Preferably, lithium ion battery of the present invention comprises cyclic carbonate and linear carbonate with the solvent of nonaqueous electrolytic solution, cyclic carbonate wherein comprises one or more in ethylene carbonate (EC), propene carbonate (PC), butylene (BC), and linear carbonate wherein comprises one or more in dimethyl carbonate (DMC), diethyl carbonate (DEC), methyl ethyl carbonate (EMC), methyl propyl carbonate (MPC).

Lithium ion battery of the present invention comprises LiPF with the solute of nonaqueous electrolytic solution ₆, LiBF ₄, LiSbF ₆, LiAsF ₆, LiN (SO ₂CF ₃) ₂, LiN (SO ₂C ₂F ₅) ₂, LiC (SO ₂CF ₃) ₃, LiN (SO ₂F) ₂In at least a.LiPF preferably wherein ₆Or the mixture of itself and other lithium salts.

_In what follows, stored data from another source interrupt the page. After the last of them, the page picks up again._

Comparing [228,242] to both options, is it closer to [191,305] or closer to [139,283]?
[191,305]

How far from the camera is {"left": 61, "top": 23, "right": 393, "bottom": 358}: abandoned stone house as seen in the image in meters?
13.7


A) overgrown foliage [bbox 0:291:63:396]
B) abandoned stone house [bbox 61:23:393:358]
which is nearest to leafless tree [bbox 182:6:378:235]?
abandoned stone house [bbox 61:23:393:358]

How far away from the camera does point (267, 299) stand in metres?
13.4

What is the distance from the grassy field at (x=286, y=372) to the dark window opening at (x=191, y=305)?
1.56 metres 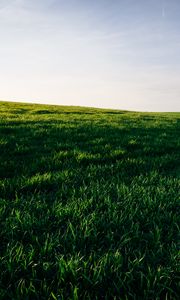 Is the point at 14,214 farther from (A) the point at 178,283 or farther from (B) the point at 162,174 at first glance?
(B) the point at 162,174

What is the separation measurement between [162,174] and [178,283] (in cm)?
304

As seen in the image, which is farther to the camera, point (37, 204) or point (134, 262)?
point (37, 204)

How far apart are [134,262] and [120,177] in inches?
96.8

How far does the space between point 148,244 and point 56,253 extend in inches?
33.4

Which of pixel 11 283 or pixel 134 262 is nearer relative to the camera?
pixel 11 283

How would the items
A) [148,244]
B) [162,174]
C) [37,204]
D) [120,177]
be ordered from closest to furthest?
[148,244] < [37,204] < [120,177] < [162,174]

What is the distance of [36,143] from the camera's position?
7.65 metres

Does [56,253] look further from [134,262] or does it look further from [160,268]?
[160,268]

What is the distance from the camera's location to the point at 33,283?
1.94 meters

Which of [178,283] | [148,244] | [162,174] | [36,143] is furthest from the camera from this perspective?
[36,143]

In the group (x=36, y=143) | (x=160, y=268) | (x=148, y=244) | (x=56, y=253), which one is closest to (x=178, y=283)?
(x=160, y=268)

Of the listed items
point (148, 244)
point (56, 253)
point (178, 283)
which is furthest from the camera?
point (148, 244)

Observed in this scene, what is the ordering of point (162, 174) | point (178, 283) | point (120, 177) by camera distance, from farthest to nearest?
point (162, 174) < point (120, 177) < point (178, 283)

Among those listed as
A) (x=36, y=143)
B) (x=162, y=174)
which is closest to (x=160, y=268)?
(x=162, y=174)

Lithium ion battery of the present invention is applied to have in the lithium ion battery of negative pole and positive pole with nonaqueous electrolytic solution, and described negative pole is made by material with carbon element, metal alloy, otide containing lighium thing and material etc.Wherein, the preferred graphite of material with carbon element or be coated on graphite surface with graphite-phase than amorphous carbon and material with carbon element.Described positive electrode preferably adopts lithium-containing transition metal oxide, for example is selected from one or more in following material: LiCoO ₂, LiNiO ₂, LiMn ₂O ₄, LiCo _1-yM _yO ₂, LiNi _1-yM _yO ₂, LiMn _2-yM _yO ₄, LiNi _xCo _yMn _zM _1-x-y-zO ₂, wherein M is selected from one or more in Fe, Co, Ni, Mn, Mg, Cu, Zn, Al, Sn, B, Ga, Cr, Sr, V, Ti, and 0≤y≤1,0≤x≤1,0≤z≤1, x+y+z≤1.

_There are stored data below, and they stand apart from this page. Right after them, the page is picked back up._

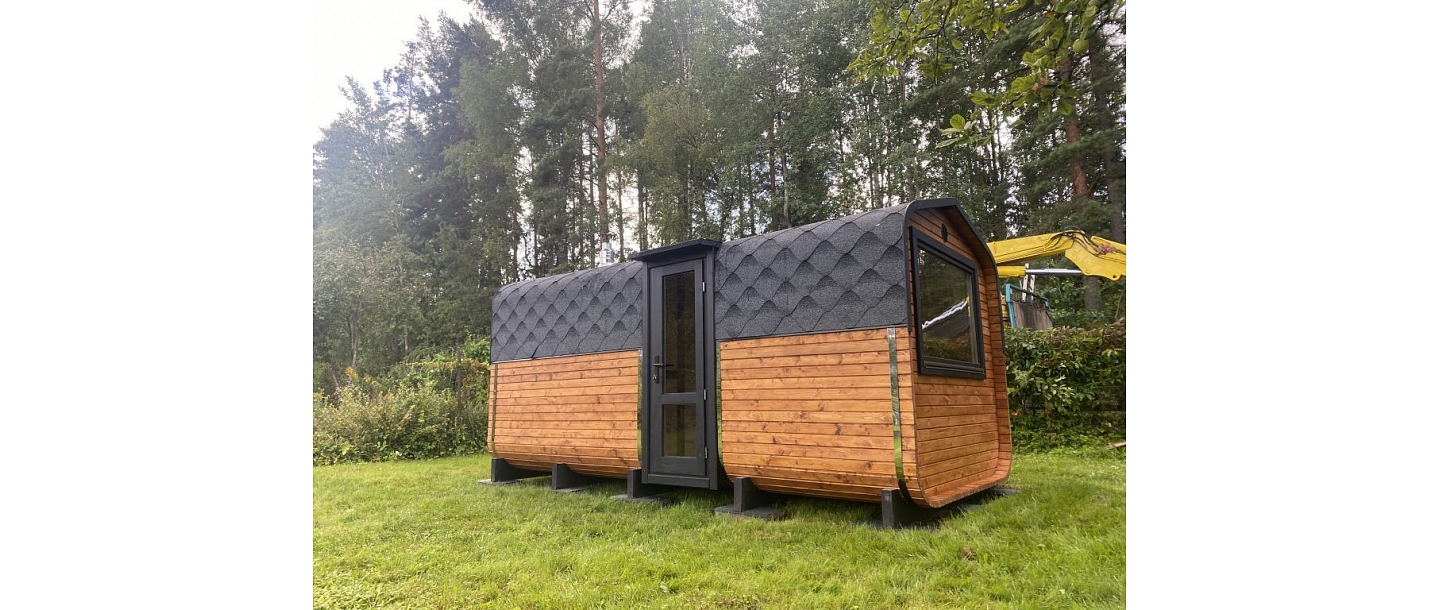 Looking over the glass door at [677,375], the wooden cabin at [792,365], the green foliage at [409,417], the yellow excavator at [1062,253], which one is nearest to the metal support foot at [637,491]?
the wooden cabin at [792,365]

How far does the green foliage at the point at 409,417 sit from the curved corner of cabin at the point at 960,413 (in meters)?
5.54

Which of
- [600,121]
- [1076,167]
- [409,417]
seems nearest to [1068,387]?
[1076,167]

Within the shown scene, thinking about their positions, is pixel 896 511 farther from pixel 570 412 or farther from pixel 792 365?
pixel 570 412

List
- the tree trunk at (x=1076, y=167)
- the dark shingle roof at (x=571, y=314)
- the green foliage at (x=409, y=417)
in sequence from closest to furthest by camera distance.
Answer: the dark shingle roof at (x=571, y=314)
the green foliage at (x=409, y=417)
the tree trunk at (x=1076, y=167)

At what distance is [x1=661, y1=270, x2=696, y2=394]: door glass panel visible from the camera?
13.5ft

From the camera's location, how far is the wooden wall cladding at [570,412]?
14.4 ft

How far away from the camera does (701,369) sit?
13.1 feet

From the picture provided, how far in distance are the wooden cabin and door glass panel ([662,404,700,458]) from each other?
10 millimetres

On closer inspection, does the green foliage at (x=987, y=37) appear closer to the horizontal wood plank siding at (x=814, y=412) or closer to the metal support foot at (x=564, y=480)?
the horizontal wood plank siding at (x=814, y=412)

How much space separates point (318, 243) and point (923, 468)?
974cm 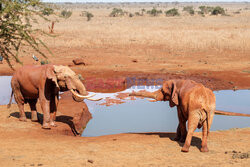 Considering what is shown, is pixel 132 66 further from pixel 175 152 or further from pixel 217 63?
pixel 175 152

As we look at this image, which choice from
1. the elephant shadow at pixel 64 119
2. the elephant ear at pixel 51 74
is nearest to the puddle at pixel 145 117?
the elephant shadow at pixel 64 119

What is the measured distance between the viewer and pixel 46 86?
11.9 m

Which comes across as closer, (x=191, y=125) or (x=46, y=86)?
(x=191, y=125)

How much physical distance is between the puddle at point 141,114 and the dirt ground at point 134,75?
1198mm

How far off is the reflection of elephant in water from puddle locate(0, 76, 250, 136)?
4.93ft

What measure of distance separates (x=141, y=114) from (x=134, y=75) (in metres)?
7.71

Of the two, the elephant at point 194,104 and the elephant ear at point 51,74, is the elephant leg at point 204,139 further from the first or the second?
the elephant ear at point 51,74

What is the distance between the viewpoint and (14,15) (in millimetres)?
9594

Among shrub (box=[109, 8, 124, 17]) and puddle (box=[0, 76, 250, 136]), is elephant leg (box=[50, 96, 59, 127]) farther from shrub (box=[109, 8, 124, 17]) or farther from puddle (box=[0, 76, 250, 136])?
shrub (box=[109, 8, 124, 17])

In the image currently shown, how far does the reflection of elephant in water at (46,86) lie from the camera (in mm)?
11695

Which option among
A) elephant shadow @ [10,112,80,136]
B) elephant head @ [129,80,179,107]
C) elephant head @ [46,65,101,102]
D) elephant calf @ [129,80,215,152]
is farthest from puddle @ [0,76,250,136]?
elephant calf @ [129,80,215,152]

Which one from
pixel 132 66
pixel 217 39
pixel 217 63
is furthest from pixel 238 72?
pixel 217 39

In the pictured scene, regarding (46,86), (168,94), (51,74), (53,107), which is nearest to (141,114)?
(53,107)

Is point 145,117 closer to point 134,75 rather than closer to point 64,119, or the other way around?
point 64,119
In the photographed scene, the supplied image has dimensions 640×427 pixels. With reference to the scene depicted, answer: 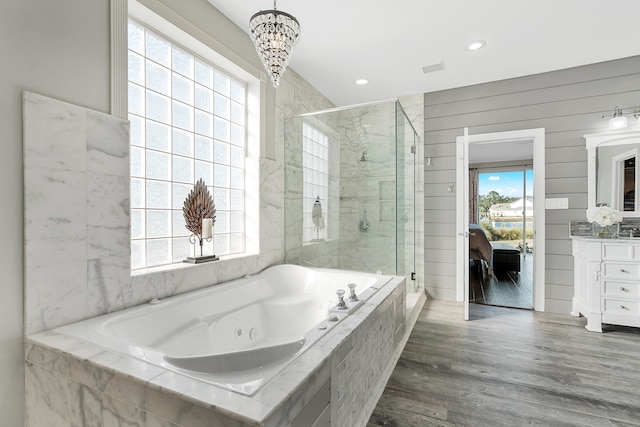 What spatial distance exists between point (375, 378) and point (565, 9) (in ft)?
9.97

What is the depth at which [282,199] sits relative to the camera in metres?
3.21

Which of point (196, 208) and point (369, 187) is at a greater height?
point (369, 187)

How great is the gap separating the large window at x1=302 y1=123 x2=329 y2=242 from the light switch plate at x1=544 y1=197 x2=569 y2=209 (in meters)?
2.46

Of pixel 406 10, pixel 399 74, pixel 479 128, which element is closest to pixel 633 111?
pixel 479 128

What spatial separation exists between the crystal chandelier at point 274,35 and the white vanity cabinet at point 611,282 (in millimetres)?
3243

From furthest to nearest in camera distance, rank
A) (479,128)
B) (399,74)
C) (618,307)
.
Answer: (479,128)
(399,74)
(618,307)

The present invention also provides a kind of lithium ion battery, comprising: lithium ion battery nonaqueous electrolytic solution provided by the invention in foregoing; Can embed the positive pole with removal lithium embedded; Can embed the negative pole with removal lithium embedded; And be placed in barrier film between positive pole and negative pole.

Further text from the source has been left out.